An interesting paper from @emeryberger et al., showing that, in contrast to prior work, (in my words) energy use across programming languages is a proxy for how long a program takes to execute, and that other factors don't meaningfully affect energy usage. arxiv.org/abs/2410.05460

arXiv.orgIt's Not Easy Being Green: On the Energy Efficiency of Programming LanguagesDoes the choice of programming language affect energy consumption? Previous highly visible studies have established associations between certain programming languages and energy consumption. A causal misinterpretation of this work has led academics and industry leaders to use or support certain languages based on their claimed impact on energy consumption. This paper tackles this causal question directly. It first corrects and improves the measurement methodology used by prior work. It then develops a detailed causal model capturing the complex relationship between programming language choice and energy consumption. This model identifies and incorporates several critical but previously overlooked factors that affect energy usage. These factors, such as distinguishing programming languages from their implementations, the impact of the application implementations themselves, the number of active cores, and memory activity, can significantly skew energy consumption measurements if not accounted for. We show -- via empirical experiments, improved methodology, and careful examination of anomalies -- that when these factors are controlled for, notable discrepancies in prior work vanish. Our analysis suggests that the choice of programming language implementation has no significant impact on energy consumption beyond execution time.

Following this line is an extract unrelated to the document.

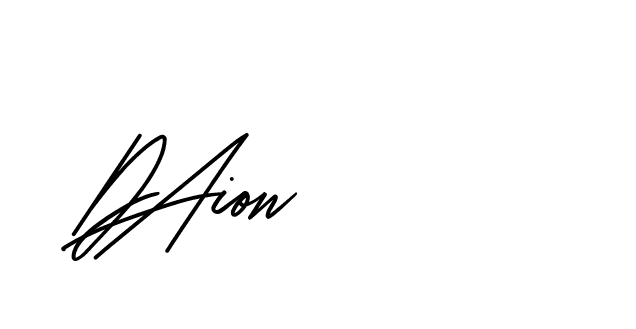 The best way (CreattionDemo-GO3ED) to make a short signature is to pick only two or three words in your name. The name Ceard include a total of six letters. For converting this name. Ceard signature style 2 images and pictures png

@ltratt @emeryberger I... I think the thing that nearly made me cry reading this is the painstaking way they describe the process to build the model and validate things. This is so beautiful. Seeing science (and the difficulties of it) so plainly showed. Also sad that this is so rare to find that I feel so moved by people doing it well, but still.

Kuddos! and thanks!

@ltratt @emeryberger

It's a shame they don't dig a bit more into the parallelism. The paper says:

Further, RAPL samples include all cores, even if the program under test only uses a single core. If a benchmark is single-threaded or generally uses fewer cores than available, idle cores will be included in the energy consumption measurement. Therefore, using a varying level of parallelism across benchmark implementations can result in unfair comparison, as idle cores will add some constant energy consumption to each sample.

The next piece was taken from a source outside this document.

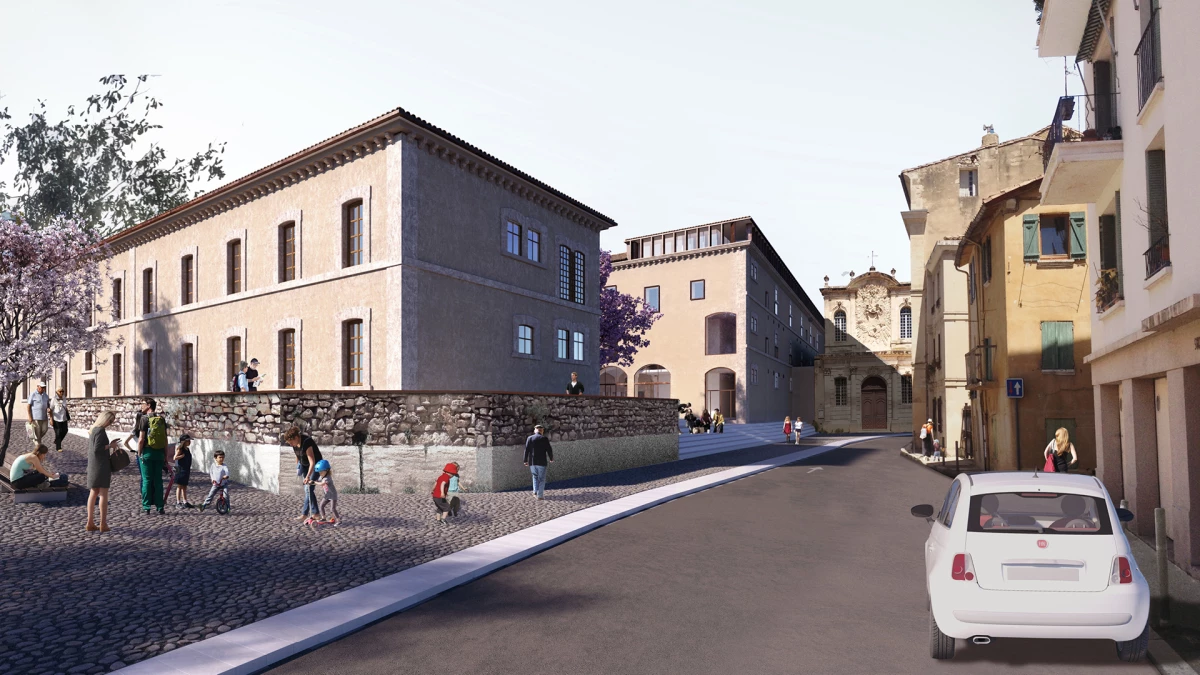 avignon-prison-images-haut-de-page-mb8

Which makes me scream 'yes but!'. Modern SoCs can independently adjust the clock speed of cores and typically have different cores with different power / performance tradeoffs. Leakage current means that it's far more power efficient if you can run the same workload in 1s on two cores clocked down to 800 MHz than one clocked at 1.6 GHz.

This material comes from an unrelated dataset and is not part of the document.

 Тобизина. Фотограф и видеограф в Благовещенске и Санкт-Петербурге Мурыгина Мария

But there are confounding factors here. A few years ago, we found that turning off CPU affinity entirely in the FreeBSD scheduler made some workloads much faster. The workloads were bounded by the performance of a single-threaded component but pinning that to a single core made that core hot and then the CPU throttled the clock speed and made it slower. Having it move around unpredictably distributed the heat, which allowed the heat sink to work better.

I'm quite surprised by Fig 11d. I wonder how this varies across systems: actively reading DRAM consumes a lot more power than simply refreshing (the paper says 40% for refresh, I think this varies a bit across DRAM types), but perhaps the base load is so high and the read rates are so low that this doesn't make a difference. Or maybe the cache miss rates are all very low?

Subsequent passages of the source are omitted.